L'argent de ces rétro-commissions, selon une piste suivie par la justice, pourrait avoir servi à la campagne présidentielle du rival de Jacques Chirac, Edouard Balladur, dont Nicolas Sarkozy était alors le porte-parole. Mais Dominique de Villepin a estimé qu'il n'avait eu à l'époque "aucune information spécifique circonstanciée" sur un risque terroriste en cas d'arrêt de versement des commissions.
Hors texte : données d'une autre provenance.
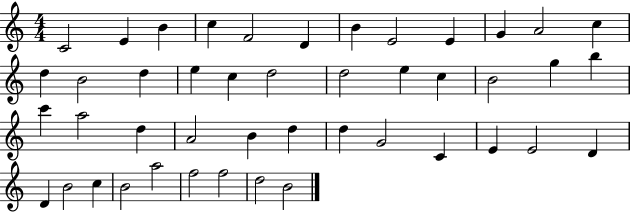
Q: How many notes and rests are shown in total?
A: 45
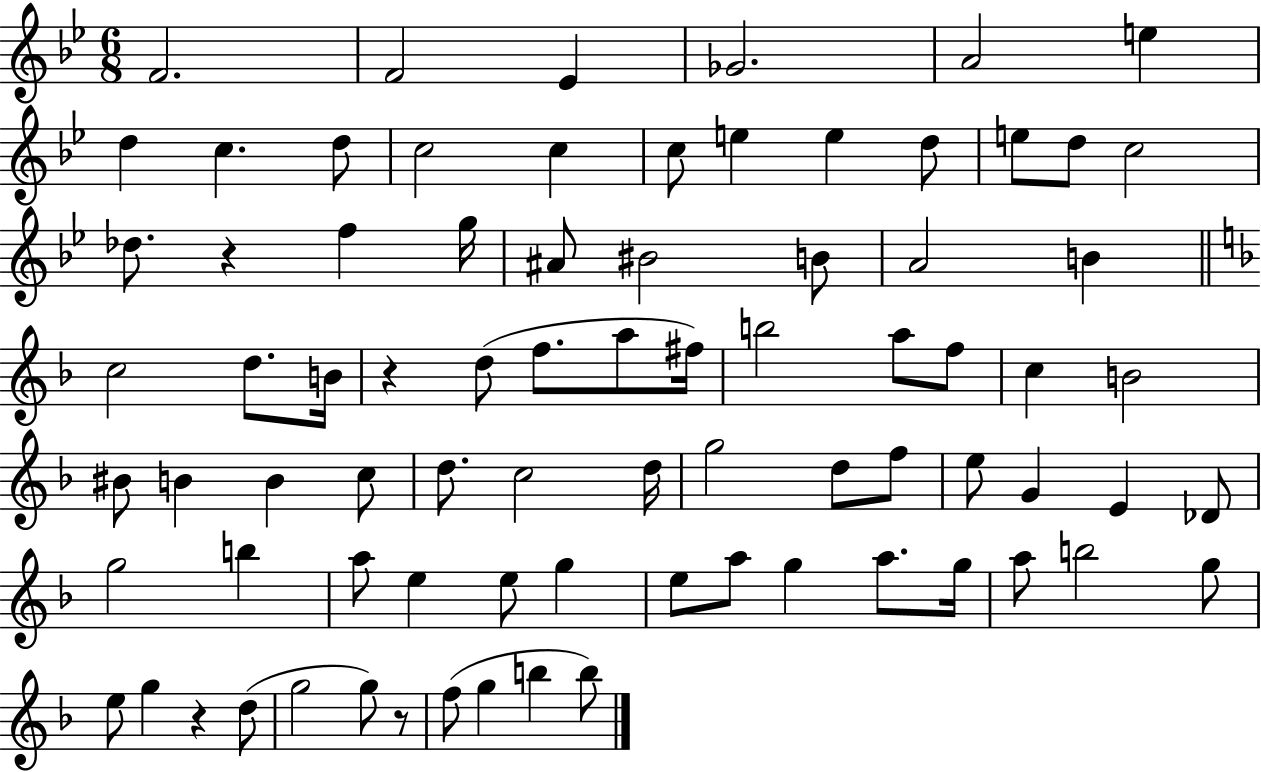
{
  \clef treble
  \numericTimeSignature
  \time 6/8
  \key bes \major
  f'2. | f'2 ees'4 | ges'2. | a'2 e''4 | \break d''4 c''4. d''8 | c''2 c''4 | c''8 e''4 e''4 d''8 | e''8 d''8 c''2 | \break des''8. r4 f''4 g''16 | ais'8 bis'2 b'8 | a'2 b'4 | \bar "||" \break \key d \minor c''2 d''8. b'16 | r4 d''8( f''8. a''8 fis''16) | b''2 a''8 f''8 | c''4 b'2 | \break bis'8 b'4 b'4 c''8 | d''8. c''2 d''16 | g''2 d''8 f''8 | e''8 g'4 e'4 des'8 | \break g''2 b''4 | a''8 e''4 e''8 g''4 | e''8 a''8 g''4 a''8. g''16 | a''8 b''2 g''8 | \break e''8 g''4 r4 d''8( | g''2 g''8) r8 | f''8( g''4 b''4 b''8) | \bar "|."
}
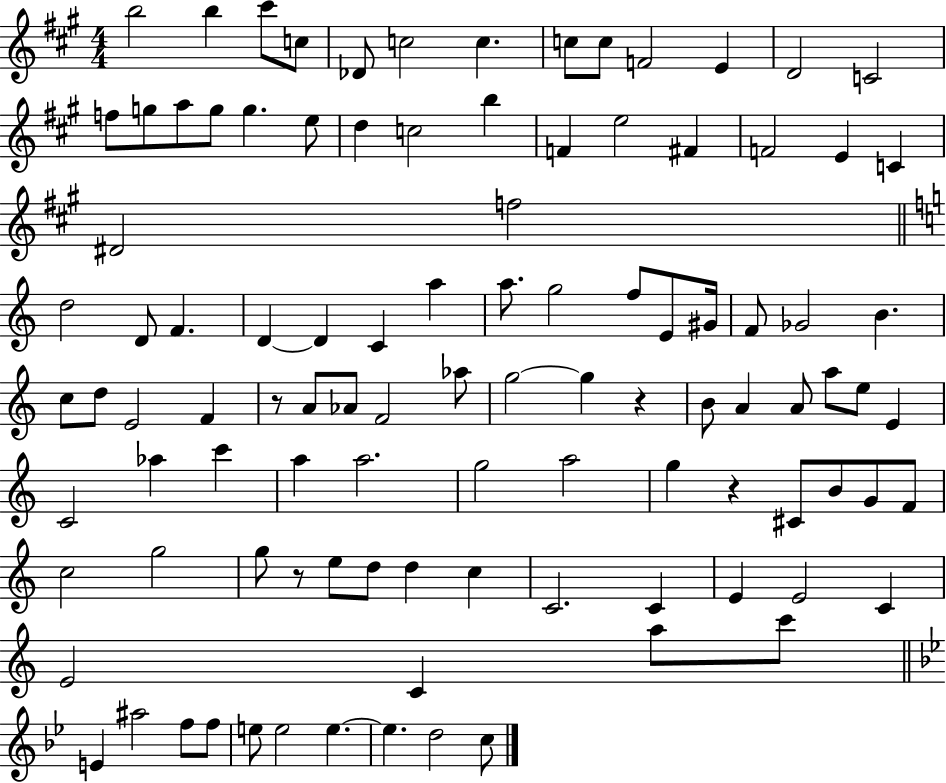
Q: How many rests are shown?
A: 4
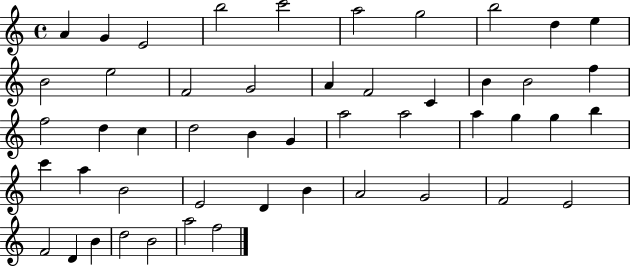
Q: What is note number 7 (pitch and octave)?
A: G5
De son côté, l'ancien président Jacques Chirac ne veut pas témoigner et n'a pas à le faire devant un juge dans cette affaire, selon son avocat.
Guéant dénonce les "insinuations" visant Sarkozy
Le secrétaire général de l'Elysée Claude Guéant a dénoncé dans un communiqué, peu après l'intervention de Dominique de Villepin, les "insinuations" visant Nicolas Sarkozy dans l'affaire Karachi, qui selon lui ne le "concernent en rien". Claude Guéant parle aussi de "rumeur malveillante" à propos des soupçons de financement illégal de la campagne Balladur en 1995. Il souligne que Nicolas Sarkozy n'a "jamais été le responsable, ni le trésorier, de la campagne de M. Edouard Balladur. Il en était le porte-parole". Voir les réponses des familles de victimes au communiqué de l'Elysée, sur le site de Guy Birenbaum.
Mission parlementaire
Bernard Cazeneuve, rapporteur PS de la mission parlementaire sur l'attentat de Karachi, a annoncé dans le Journal du Dimanche (JDD) qu'il comptait demander la réouverture de cette mission, se disant "choqué de constater que l'on a menti devant la représentation nationale".
La plainte envisagée par les parties civiles
Des familles des victimes de l'attentat du 8 mai 2002 à Karachi, qui avait fait 15 morts dont 11 Français salariés de la construction navale (DCN), avaient indiqué vendredi vouloir . "Notre plainte va viser le cheminement menant à la décision d'arrêter les commissions. Elle vise Jacques Chirac, Dominique de Villepin, Michel Mazens et Dominique Castellan", a précisé l'avocat des familles des victimes, Me Olivier Morice. Elles ont donc finalement décidé de s'abstenir de porter plainte contre Dominique de Villepin pour le moment.